Successful local preservation initiatives involve different types of properties and local markets, subject to different government regulations and financing. One thing they have in common is people committed to saving the affordable housing supply using creative, innovative action. Their action has involved government working in partnership with the nonprofit and private sectors. This conference took a close look at existing at-risk, inner-city subsidized and affordable housing and asked:
- Under what conditions can nonprofit community-based solutions succeed in saving endangered inner-city housing?
- What is necessary for the long-term sustainability of resident and community owned low-income housing?
- Why do some groups succeed and others fail?
- What can we learn from the motivations, leadership, and organizational structure of those groups that succeed?
- Is there something we can call the state-of-the-art in affordable housing preservation?
- Are known successes replicable?
After keynote remarks by Helen Dunlap, deputy assistant secretary for Multifamily Housing, four consecutive workshops were held: The Community Context; Financial Viability; Organization and Management; and Technical Assistance and Local Government Programs.
Workshop panelist and presenters included: Mossik Hacobian and Jack Geary of Urban Edge in Boston, Alex Schwartz of the New School for Social Research, Marty Shaloo of ACORN, Rikki Spears of the Low Income Housing Information Service, Willie Jones and Judith Weber of Community Builders, Mike Gondek of CEDAC, Andrew Reicher of UHAB, and William Brach, Preston Pinkett III, Ronald Lawson, Donna Rose, John Davis, Carole Norris, Peggy Huchet, Susan Rice—representing government agencies, financial and academic institutions and community organizations.

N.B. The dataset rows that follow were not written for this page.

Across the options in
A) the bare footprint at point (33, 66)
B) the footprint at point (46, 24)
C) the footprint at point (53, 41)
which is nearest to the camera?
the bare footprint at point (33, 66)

At the Legal Services of New Jersey annual conference on Nov. 17, John Atlas, NHI president and director of Passaic County Legal Aid Society, received an award for his lifetime service to the poor. Legal Services of New Jersey recognized Atlas for his many years of work and his advocacy in the area of housing and community development. Commenting on the award, Atlas said, “For me, fighting to eliminate poverty and help the poor is a labor of love. But you have to be a long distance runner.”
Both Atlas and NHI board member Peter Dreier were quoted extensively in an article on mortgage interest deductions—”Home Inequity”—in the Summer 1994 issue of Common Cause Magazine.